April 22, 2020
We hope you enjoyed our Virtual Earth Day Festival! To relive it again, just search #VLMVirtualEarthDay on you favorite social site. Even though this day only comes once a year, protecting our one planet is something we strive to do everyday at the Virginia Living Museum.
Over the last several days, we have provided 50 ways we can incorporate more conservation & sustainability in our day-to-day lives. Here they are all together in one place. See if you can commit to at least one new thing for the remainder of 2020. As an added challenge, see if you can achieve a “blackout” on our Earth Day Bingo card.
10 Ways You Can Reduce Your Carbon Footprint
- Re-Think Your Transportation – When possible, try using a more eco-friendly method of transportation. Walking and riding a bike don’t use any fossil fuels. Carpooling and public transit are options that use a set amount of fossil fuel to transport a large number of people making them a good choice for reducing your carbon footprint.
- Switch to LED Lights – LED light bulbs use 75% less energy and last 25 times longer than other lighting options. This not only saves you money but also reduces your carbon footprint by lowering the amount of energy you use to light your home.
- Buy Local – Buying products made locally reduces transportation costs and fossil fuel use.
- Eat Less Meat – Meat production requires very high energy usage and the use of large amounts of land. By reducing your meat consumption, you can lower your carbon footprint. The type of meat you choose can also impact your carbon footprint – red meat has a bigger impact than poultry.
- Use Less Electricity – Turning off lights when you leave a room, setting your thermostat a few degrees colder in the winter or warmer in the summer, and unplugging chargers when not in use can lower your energy usage and reduce your carbon output.

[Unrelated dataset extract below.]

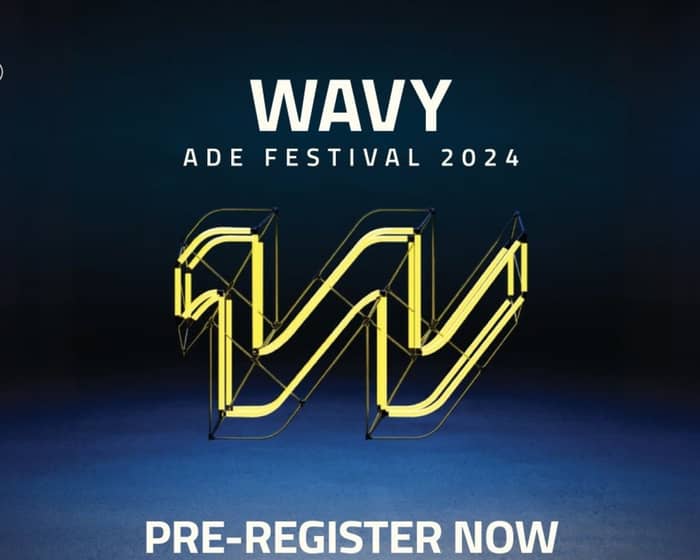 Wavy ADE Festival tickets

- Go Thrift Shopping – Clothes production uses lots of energy, but high quality items can get a new life and you can reduce your carbon footprint when you purchase clothing from a secondhand store.
- Ensure Proper Refrigeration – Improper refrigeration can be a huge waste of energy which means an increase in carbon output. Refrigerators and freezers operate best when opened as infrequently as possible and with tight fitting gaskets to ensure none of the cool air inside is leaking out. If the refrigerator and freezer are not properly sealed, the appliance would have to work harder and continually run to keep the temperature cold enough.

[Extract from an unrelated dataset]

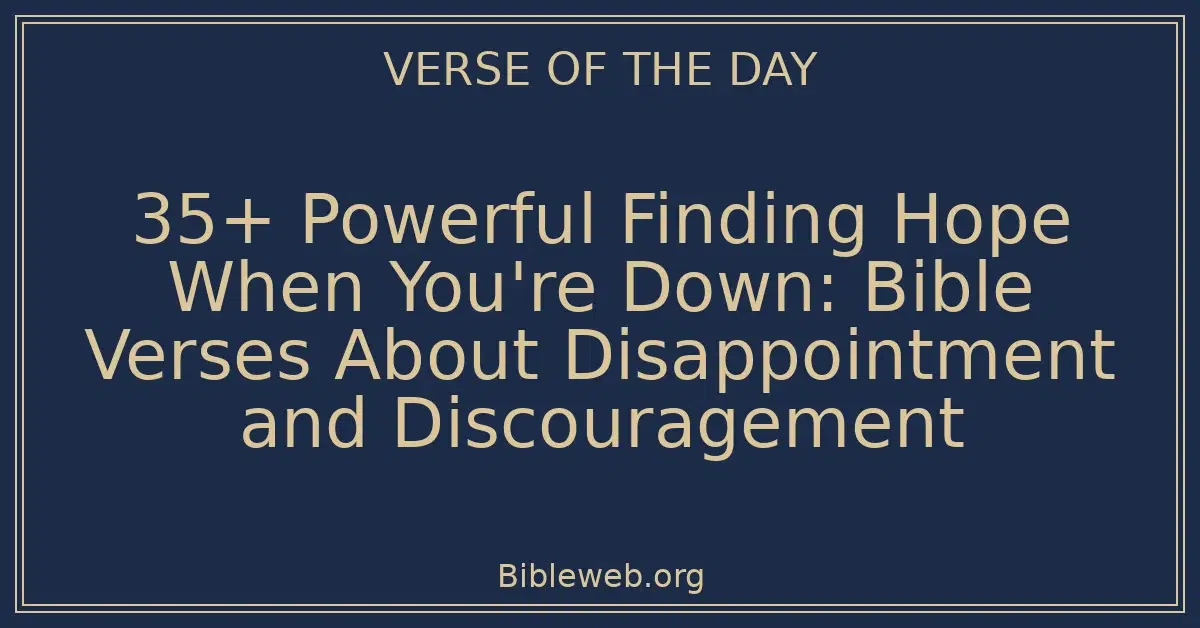 35+ Powerful Finding Hope When You're Down: Bible Verses About Disappointment and Discouragement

- Use Products to the End of Their Life – Try to use products until they no longer function instead of getting rid of them prematurely. By using items to the end of their life, the energy that went into the production of the product wasn’t squandered. Also look for products with fewer issues and a longer life – some objects aren’t designed to last. Don’t buy any new products until the ones you already have are completely worn out and no longer perform the function they were designed to do. As a bonus, see if you can repurpose old items in a new way to increase their longevity.
- Make Sure Your House is Properly Insulated – Energy can escape from your uninsulated windows and doors causing higher electrical usage and increased carbon production. Make sure your home is properly insulated to lower your energy use and lessen your carbon footprint. Also, monitor your heat and air conditioning settings to more effectively heat and cool your home. Try setting your thermostat 2 degrees cooler in the winter and 2 degrees warmer in the summer.

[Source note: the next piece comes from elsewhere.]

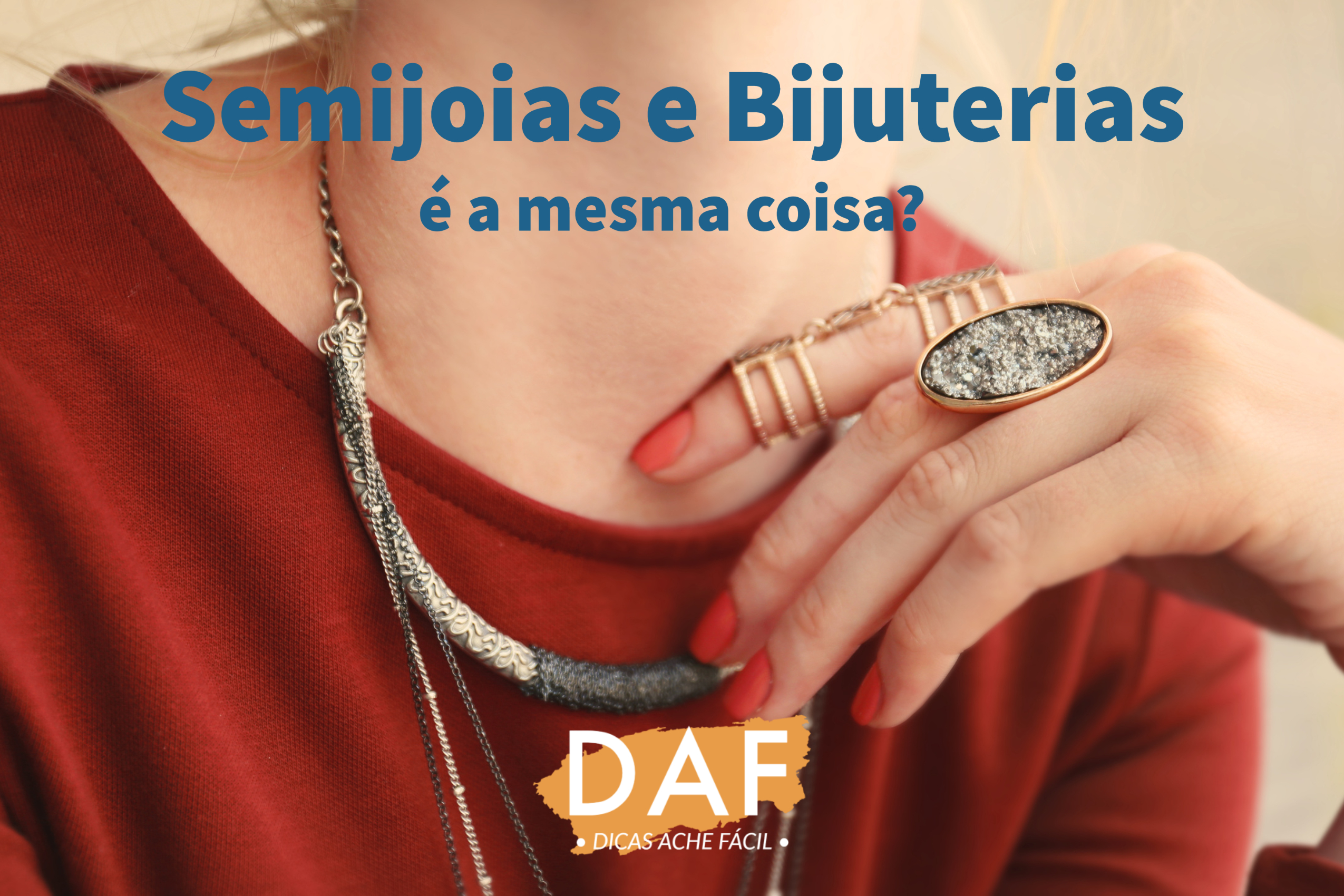 Semijoias e Bijuterias? Tire sua dúvida!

- Reduce Food Waste – Food waste contributes to your carbon footprint because the energy that went into growing, shipping, and selling the food was wasted instead of providing nutrients to people.
10 Ways You Can Make Your Health and Beauty Routine More Sustainable
- Switch to Bottleless Shampoos & Conditioners – Many retailers and online shops are now offering bar shampoos and conditioners. Swapping your bottles for bar options will not only help reduce plastic waste but reduce how often you need to buy shampoo and conditioner because bars tend to last longer than bottled hair cleaning products.
- Buy Refillable Beauty Items – Using beauty products that offer a refillable option means that you are keeping plastic out of landfills.
- Use a Bamboo Toothbrush – Dentists’ recommend getting a new toothbrush every 3 months, but toothbrushes cannot be recycled. By switching to bamboo toothbrushes, you can eliminate the non-recyclable plastic from heading to the landfill.
- Go Palm Oil Free – Palm oil is used in many health and beauty products, but palm oil production can have a major impact on ecosystems and wildlife in the growing area. Trying to avoid products produced with palm oil will help preserve critical habitats worldwide.
- Switch to Razors with Replaceable Blades – While disposable razors may be convenient, there are now many options that are equally convenient but have replaceable blades so the entire razor doesn’t have to be disposed of every time.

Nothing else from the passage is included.